At the conservative extreme, stylistically speaking, is a movement of exact, almost microscopic realism which has grown rapidly in recent years. Its genesis is complex and goes back at least to the early 1930's. One of its ancestors was probably Grant Wood's American Gothic, and while Wood himself soon abandoned the meticulous style of that picture, a group of quite different American Scene painters--principally Paul Cadmus and Jared French--pushed it in the direction of an even greater realism. Another ancestor was the precisionist painting of the Immaculates which, in Sheeler's hands, had become more and more realistic during the 1930's. Still another ancestor was surrealism and those American artists, such as Albright, Blume and Pickens, who came varyingly under its influence. A final source may have been sharp-focus photography which helped reveal the unexpected patterns of natural forms seen microscopically or in arbitrary perspective. Since 1940 these diverse currents have tended to join in a school of meticulously realistic painters who have been animated by various aims, ranging from playful fantasy to a serious concern--as with Andrew Wyeth--for the inherent poetry in places and things. At times the movement has seemed a little mannered and eclectic (particularly in its borrowings from early renaissance art or from our own trompe l'oeil realists of the 19th century), but most of its members are still extremely young and its eventual direction is far from settled.

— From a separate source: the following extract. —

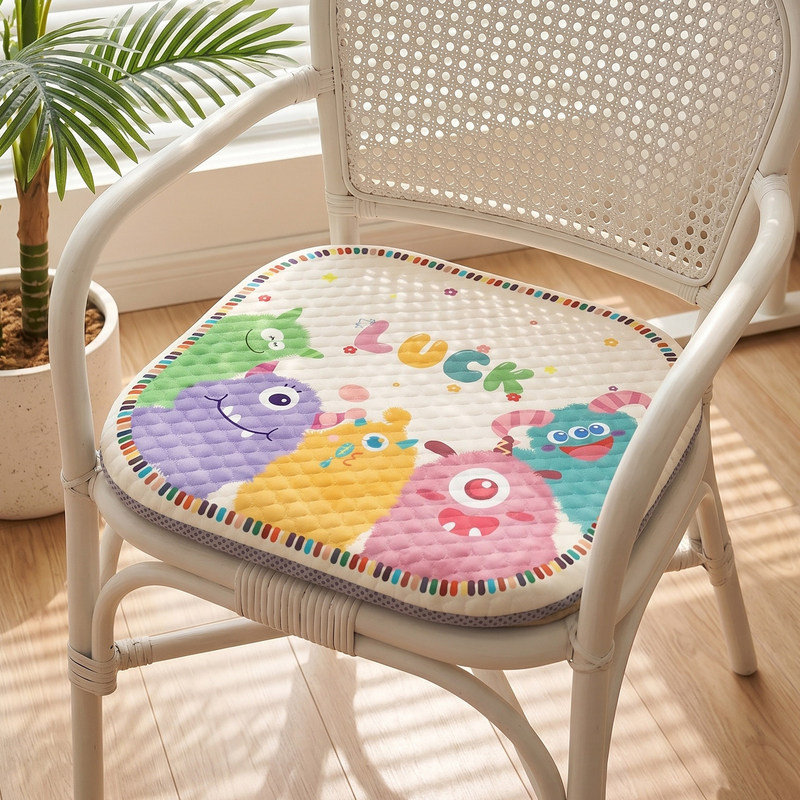Cartoon Seat Cushion Summer Ice Silk Imitation Rattan Mat Office Chair Cushion for Long Sitting Soft Butt Cushion Sofa Cushion Soft Breathable Cooling Mat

In spite of the recent popularity of abstraction, it is apparent that the last hundred years has produced, in America, a greater diversity of styles, subjects and attitudes than any comparable period of the past. This trend toward diversity has grown steadily throughout the 20th century, which might justly be called the age of individualism in the arts. Individualism is, in one sense, the fruit of democracy because democracy permits each artist to find his own solutions without the restraint of a state-approved set of esthetic standards. But democracy does not, alone, automatically produce diversity--witness the long dominion of realism in our 19th-century painting. It is only when traditional values break down, when old faiths waver and a desperate uncertainty besieges mankind, that the artist rises instinctively to the challenge and seeks new truths by exploring with new tools the many corridors of the human heart and mind. It is a lonely search, but a heroic one.